— Prompt —
Everything from the line containing "Midesinden 82 parça taş çıkarıldı" through the last line of the data below is to be retyped exactly, apart from the pictures.

┄┄┄┄┄┄┄┄┄┄

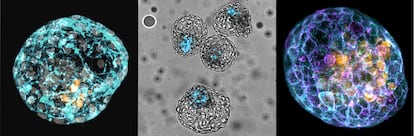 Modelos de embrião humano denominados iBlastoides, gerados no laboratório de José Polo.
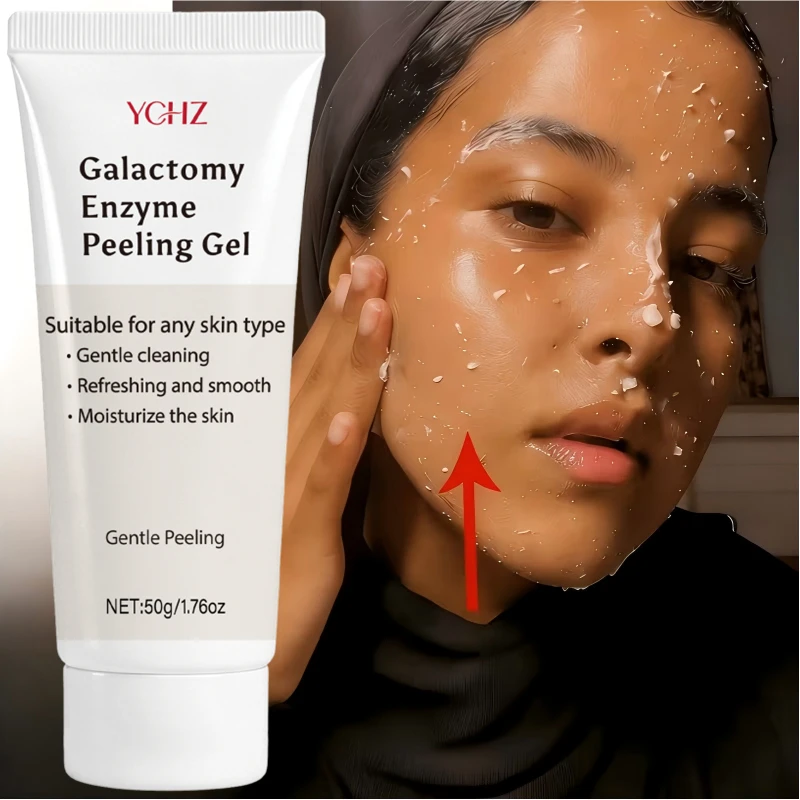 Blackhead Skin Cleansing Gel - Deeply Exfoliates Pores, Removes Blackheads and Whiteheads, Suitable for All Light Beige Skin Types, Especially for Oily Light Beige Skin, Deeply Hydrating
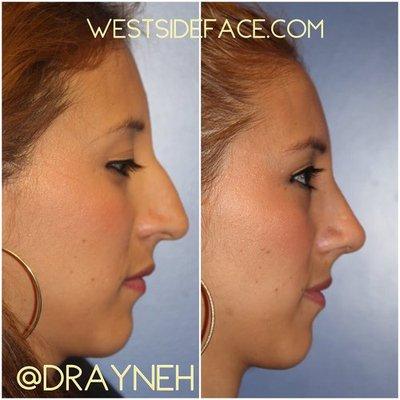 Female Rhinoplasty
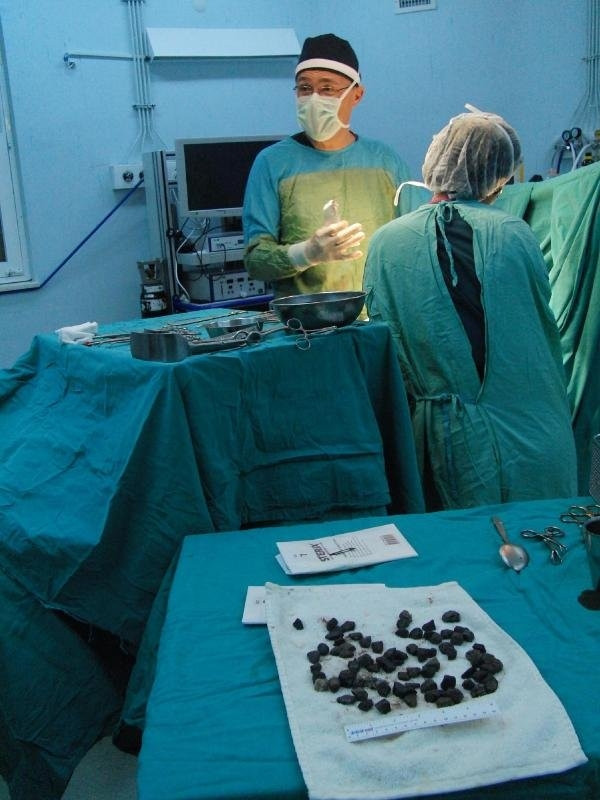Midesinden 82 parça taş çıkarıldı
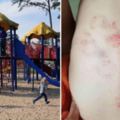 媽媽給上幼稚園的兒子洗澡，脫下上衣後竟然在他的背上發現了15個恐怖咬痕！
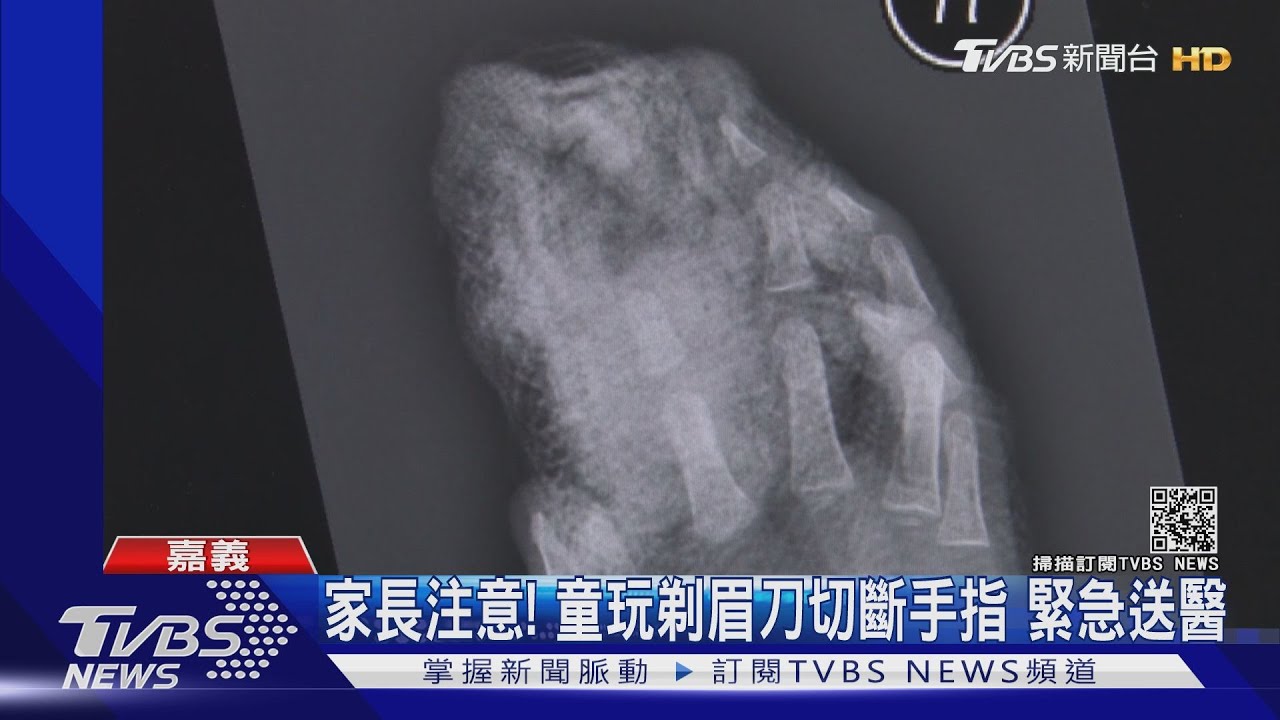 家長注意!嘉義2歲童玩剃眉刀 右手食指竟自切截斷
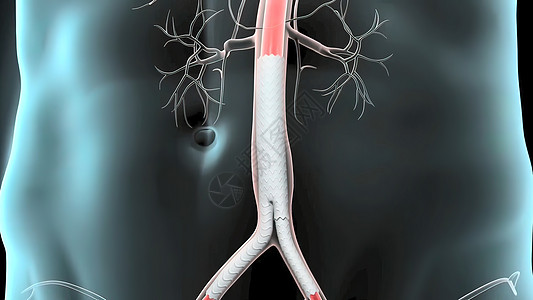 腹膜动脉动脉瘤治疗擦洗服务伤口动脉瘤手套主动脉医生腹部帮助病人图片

┄┄┄┄┄┄┄┄┄┄

— Exercise result —
Midesinden 82 parça taş çıkarıldı
 媽媽給上幼稚園的兒子洗澡，脫下上衣後竟然在他的背上發現了15個恐怖咬痕！
 家長注意!嘉義2歲童玩剃眉刀 右手食指竟自切截斷
 腹膜动脉动脉瘤治疗擦洗服务伤口动脉瘤手套主动脉医生腹部帮助病人图片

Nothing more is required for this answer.